1.2 beta users – please upgrade to beta 9 immediately due to critical memory leak


(Jeff Atwood) #1

Starting on about Feb 2nd 2015, the time of transition between 1.2 beta 6 and beta 7, we’ve been struggling with a severe memory leak in Discourse.

It took us a while to nail it down – almost two weeks, sorry about that – but we finally did. It was EventMachine 1.0.5 and 1.0.6:

Observed with 1.0.6: as soon as the ruby process is started it’ll leak 16KB chunks of memory pretty much every second. This happens without serving any Requests (load balancer in front was disabled).

This is quite nasty; 16KB per second is almost a megabyte per minute, a gigabyte per day. The good news is that we’ve improved our internal monitoring significantly so in the future we’ll be able to tell sooner when someone introduces a serious memory leak.

As of beta 9, we have upgraded to a newer version of EventMachine which fixed the memory leak bug.

This means anyone who was on 1.2 beta 6, 7 or 8 should upgrade to beta 9 immediately. If you do not, expect to run into out of memory errors regularly until you do.


Image uploading problems and other errors
(Jeff Atwood) #2

(Sam Saffron) #3

Another update on this issue.

I have been working pretty relentlessly on this issue. On Friday I completed step #5 of my 7 step plan, which gives me great visibility into memory usage in our enterprise.

https://github.com/discourse/discourse_docker/commit/03b50438d73dbe6076a5a4179e336afaef2b28c2

I noticed that despite all efforts, memory was still climbing. It was even climbing up on containers that are pretty much inactive at the moment (brand new customers)

Having this kind of information is a godsend, it allows one to test various theories.

I spent a bit of time thinking of the trend in the graph. It is constantly going up and totaly unrelated to traffic. This ruled out pg and redis as prime candidates (though clearly anything is possible). Which left me looking at other c extensions.
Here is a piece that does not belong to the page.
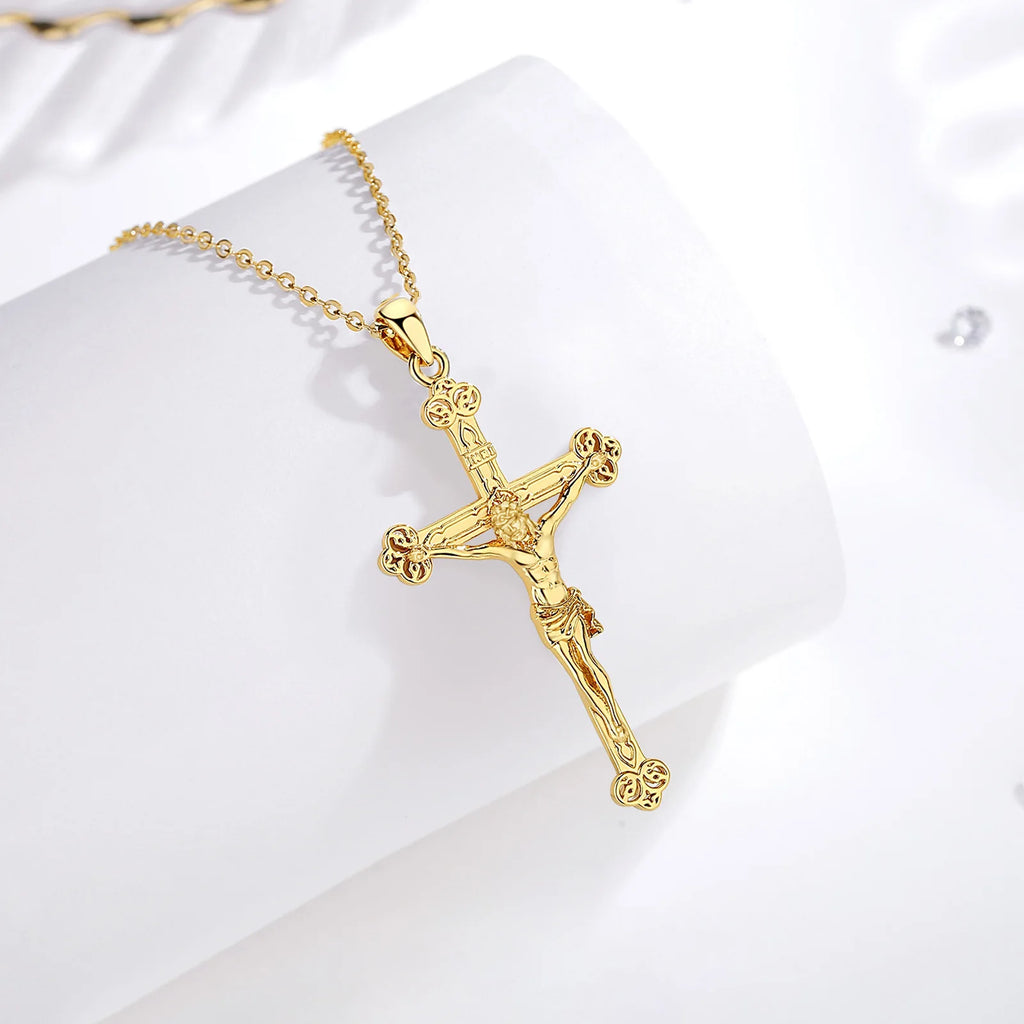 Gold-plated sterling silver crucifix pendant on a chain, displayed on a white curved surface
Previous profiling already excluded a managed leak, the number of objects in the Ruby heap was simply not growing. Number of large objects also not growing.

So I thought about message_bus and the way it relies on EventMachine for 30 second polling and other bits and pieces.

I remembered I upgraded EventMachine recently.

https://github.com/discourse/discourse/commit/d1dd0d888a950d6121afdb764aeeaaa35757ede7#diff-e79a60dc6b85309ae70a6ea8261eaf95

Funny thing is that commit was all about limiting memory growth.

Anyway, it appears there is a memory leak in the EventMachine gem, that was recently merged in by @tmm1.

So, I went back to that container set and upgraded one of the containers in the set to the latest version of EventMachine last night, just before I went to sleep.

In the morning I could see this picture:

So I am very cautiously optimistic here. I applied the fix to our code:

https://github.com/discourse/discourse/commit/43375c8b15f95ac3eb4a797b6a99d20f354cc1e6

We are now deploying this to all our customers, then I will be watching memory for the next 24 hours.

If all looks good we will push a new beta tomorrow. If not, well, I will continue hunting this down.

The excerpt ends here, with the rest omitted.